Work required
Begin with the line that holds "tow x-ray forearm" and retype through the last line of the listing below, exactly; pictures are not part of the copy.

Recorded information
────────────────────
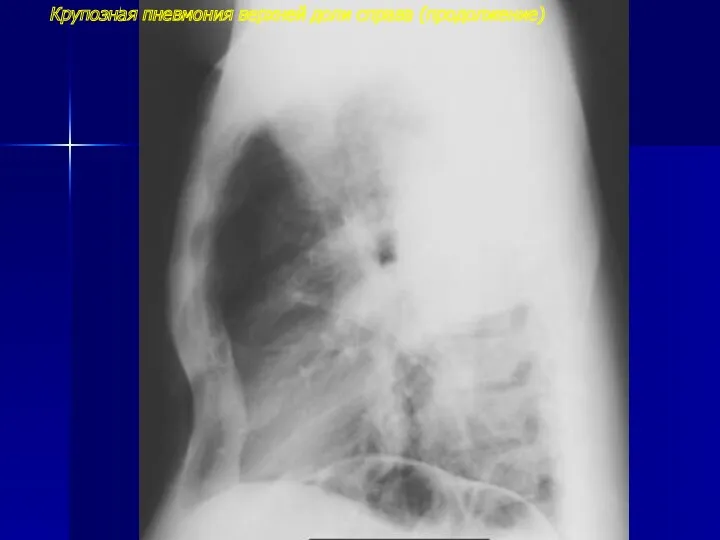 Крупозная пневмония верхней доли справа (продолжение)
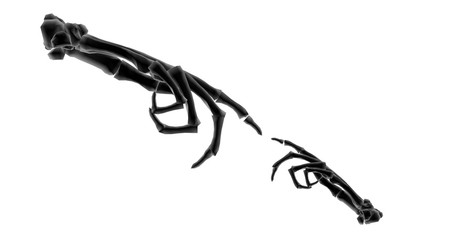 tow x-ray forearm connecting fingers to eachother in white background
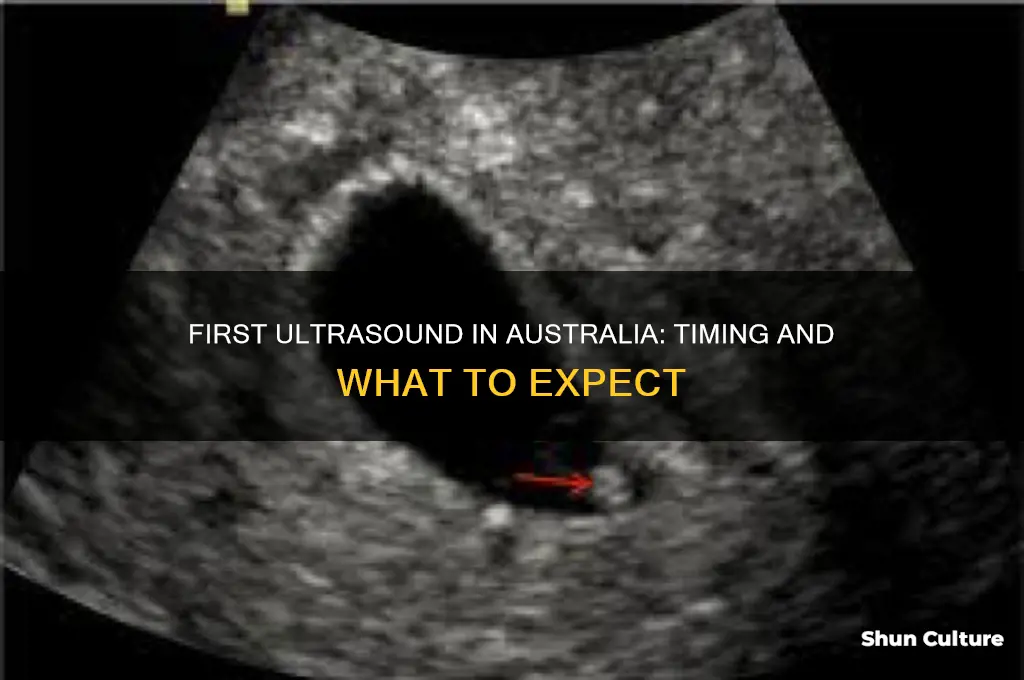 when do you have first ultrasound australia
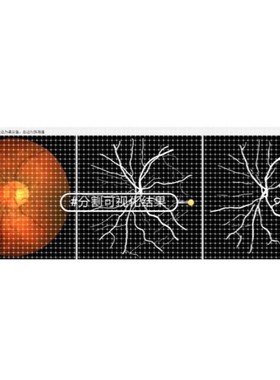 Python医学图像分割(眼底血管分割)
────────────────────
Response box
 tow x-ray forearm connecting fingers to eachother in white background
 when do you have first ultrasound australia
 Python医学图像分割(眼底血管分割)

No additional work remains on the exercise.